Needs of Black Children and Youth

Needs of Black Children and Youth

Today, Black children and youth grow up in a world that looks very different from that of their grandparents at first glance. But do they share more with older generations of Blacks than we may see? Black History Month is a good time to look at their unique needs.

Systemic racism refers to mutually reinforcing systems (and policies) that limit power and access to opportunities. This generates and perpetuates inequity for Black Americans. And just like their parents and grands, America’s Black children continue to face systemic racism.

Healthcare during the pandemic is only the most recent version. Black Americans make up 12% of the U.S. population, but they represent 33% of COVID-19 hospitalizations and 34% of COVID-19 deaths. Researchers are still trying to understand why. In cities with predominantly Black residents, infection rates are three times higher and death rates are six times higher than rates in areas with predominantly non-Hispanic white residents. This means that many Black children and youth are now mourning the loss of grandparents and older relatives in their support system. And since 9% of African American children under age 18 live in grandparent-headed households vs. 4% of white children, this can be a significant loss.

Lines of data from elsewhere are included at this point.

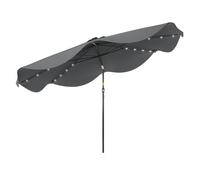 Outsunny sombrilla de jardín ø292x254 cm 32 luces led solares parasol de terraza manual inclinable hasta 45° con 8 varillas impermeable y rejillas de ventilación para patio balcón gris oscuro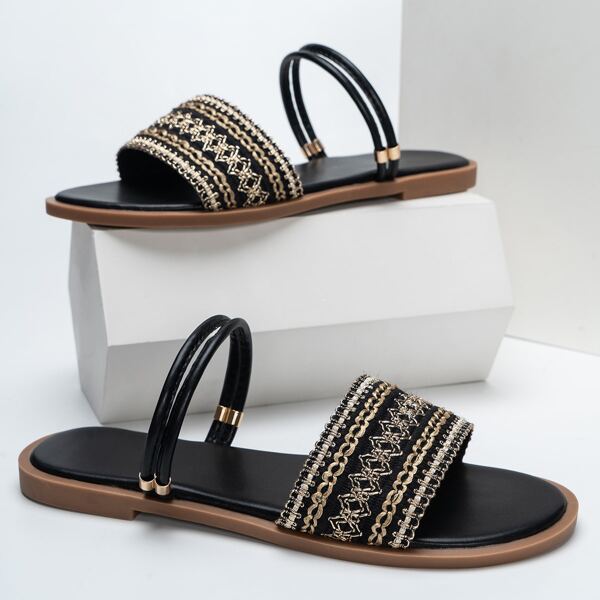 

Embroidery Design Two Way Wear Sandals, Black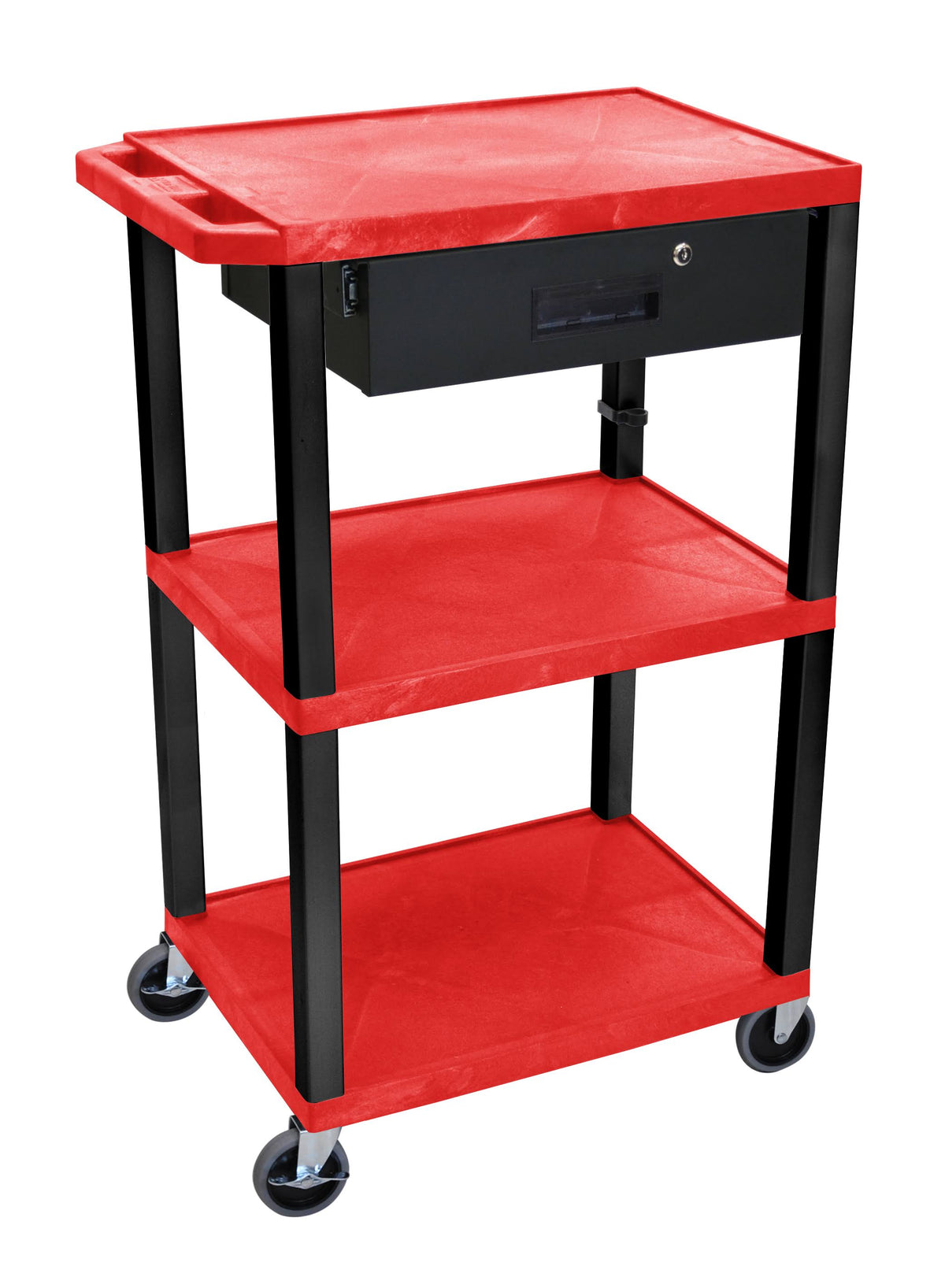 Red and Black Utility Cart with Drawer M589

Black children and youth in America also have higher rates of poverty — 34% as compared with 12% of white children. Consequently, they have less access to quality health care, they may suffer from malnutrition or undernutrition, and they often have prolonged periods of adversity or toxic stress. Black children and youth represent only 7% of the all children here in L.A. County but in 2020-21, they comprise 24% of those removed from their homes for abuse or neglect. Of local youth who fail to graduate high school, 14% are Black compared to only 7% who are white.  Not as much progress as been made for our Black communities as many think.